Heidorn’s article “The Emerging Role of Libraries in Data Curation and E-Science” was a nice balance between the straightforward guide to data management and the frivolous “How is a scarf like a dataset?” (which told me more about knitting than about data management). Heidorn writes lucidly, and had me at “Getting to the original data is even more critical because of the observation that it appears that original front finding tend to get weaker if replicated later.” I argued in a piece for another class about the importance of working from original data to the extent possible, even the maintenance of outmoded software (70 mm film, in that case) required the upkeep of outmoded software.

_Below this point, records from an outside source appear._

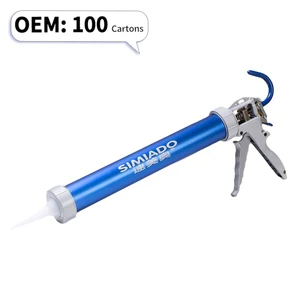 Industrial-Grade Manual Caulking Gun for Structural Adhesive Application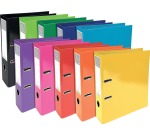 Exacompta Iderama Prem'Touch Lever Arch File, A4, 70mm spine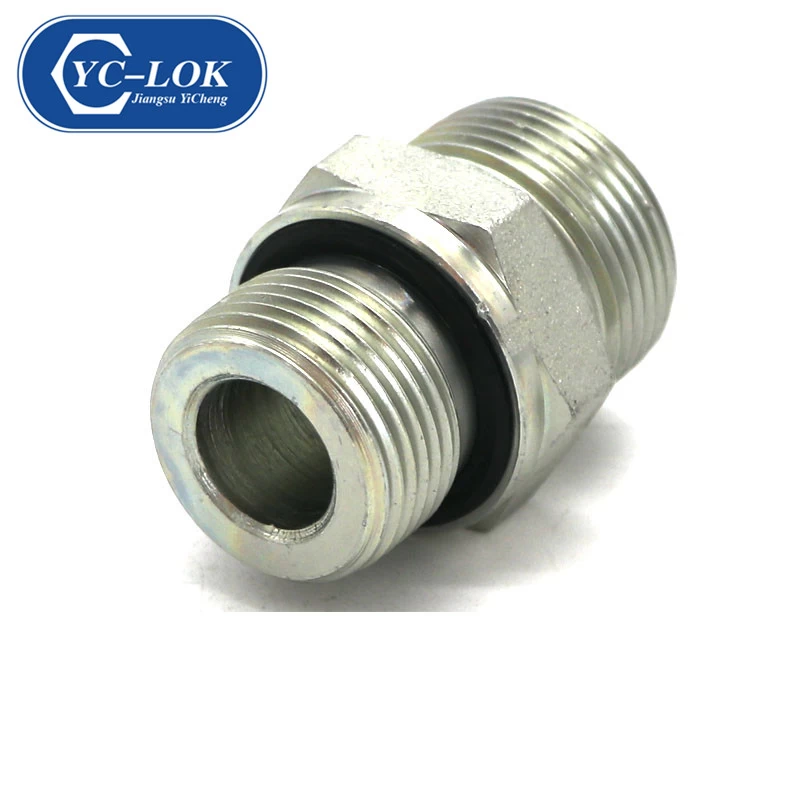 China 1CH Metric thread stud ends ISO 6149 fabricante
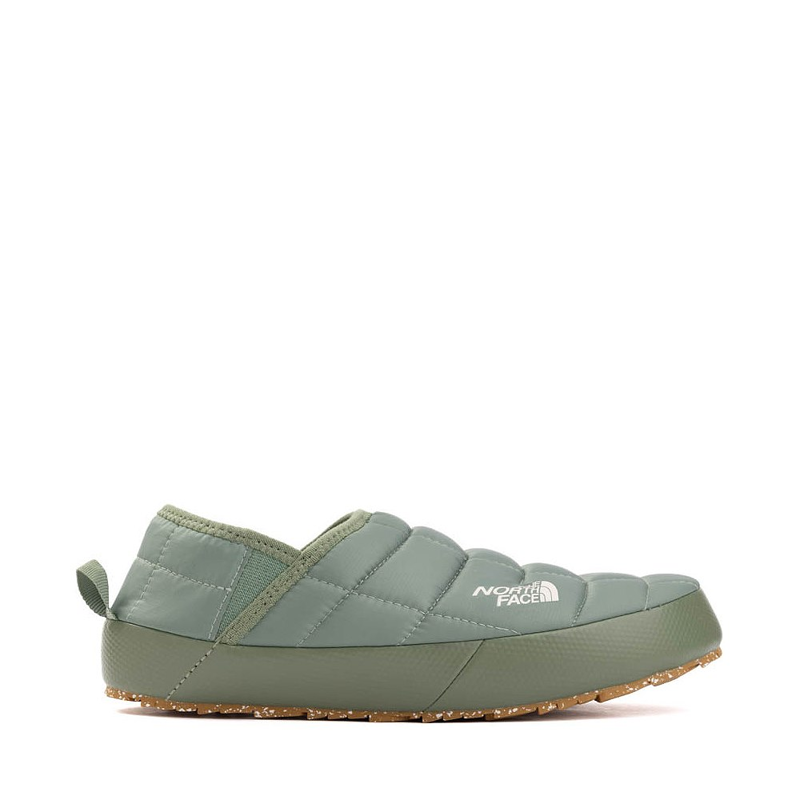 The North Face Women's Thermoball Traction Mule V Slate Moss/Bark Mist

It was interesting to read about the National Science Foundation’s requirements of data management with grant proposals. (Grant writing is a possible employment route I’ve long considered taking.) I believe Heidorn when he argues that digital curation is more like a vegetable garden than a time capsule, but when he asserts “Digital data degrade more quickly than paper documents,” I would like to know why. How can something inorganic degrade more quickly than organic matter? This was something that was touched on briefly in my other class, and I hope to get to the bottom of it. “The content must be constantly nurtured, used and refreshed.” Again, why and how?
Heidorn writes that “the final regular step in the lifecycle is transformation. Over time it may be necessary to transform data to different formats . . . ” I hope he has written further on this idea, because during the course of this semester I have grown passionate about maintaining the integrity of the original format to the extent possible. I believe that something is lost with each transfer to new media.